Es verwundert deshalb nicht, dass sich die Welt, wie Elia Suleiman sie beschreibt, allmählich als Abbild Palästinas und Palästina als Abbild der Welt erweist, das eine wie das andere metaphorisch und realistisch zugleich. Wenn durch ein menschenleeres Paris plötzlich Panzer rollen und Düsenjäger mit ohrenbetäubendem Lärm den Himmel durchstossen, gibt dies eine Ahnung dessen, wie es sich anfühlt, ständig mit einer wirklich militärischen Präsenz konfrontiert zu sein. An einer anderen Stelle ist Palästina konkret, dann nämlich, als eine junge Frau, die mit Palästina-Flagge und «Free Palestine» auf den Leib geschrieben, von Polizisten kreuz und quer durch den Central Park gejagt wird. Auch wenn der Film in seinen Parallelen meist symbolisch bleibt, gibt es immer wieder Einbrüche in die harsche Realität. Bei einer Fahrt durch Palästina wird Suleiman von einem Polizeiwagen begleitet, in dem zwei israelischen Soldaten sitzen, die während des Überholmanövers komödiantisch ihre Sonnenbrillen tauschen, während in ihrem Wagen, gefesselt und mit verbunden Augen, eine Frau sitzt, die wohl ins Gefängnis abgeführt wird. Während des ganzen Films erinnert sich Suleiman, auch mehrere Tausend Kilometer in der Fremde, immer wieder an Palästina. Durch Paris fahren Panzer; bei Sicherheitskontrollen am Flughafen wird er schikaniert, gibt jedoch witzig zurück; im US-Supermarkt tragen alle Leute Waffen.

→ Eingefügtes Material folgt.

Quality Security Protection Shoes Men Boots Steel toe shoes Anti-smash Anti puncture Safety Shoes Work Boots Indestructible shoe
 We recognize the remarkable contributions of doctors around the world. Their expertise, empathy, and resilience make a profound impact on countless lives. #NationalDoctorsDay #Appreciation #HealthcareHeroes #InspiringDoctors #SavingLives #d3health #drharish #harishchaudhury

Das sind einige der Momente dieses detailreichen Films, die zum Weiterdenken einladen. Absurde Situationen, als Kurz- und Kürzestgeschichten inszeniert, zeigen Palästina als Mikrokosmos der Welt und die Welt als Makrokosmos Palästinas. Anders gesagt: Palästina im Herzen, die Welt im Blick. Nochmals anders: «Es müsste doch eigentlich der Himmel sein.»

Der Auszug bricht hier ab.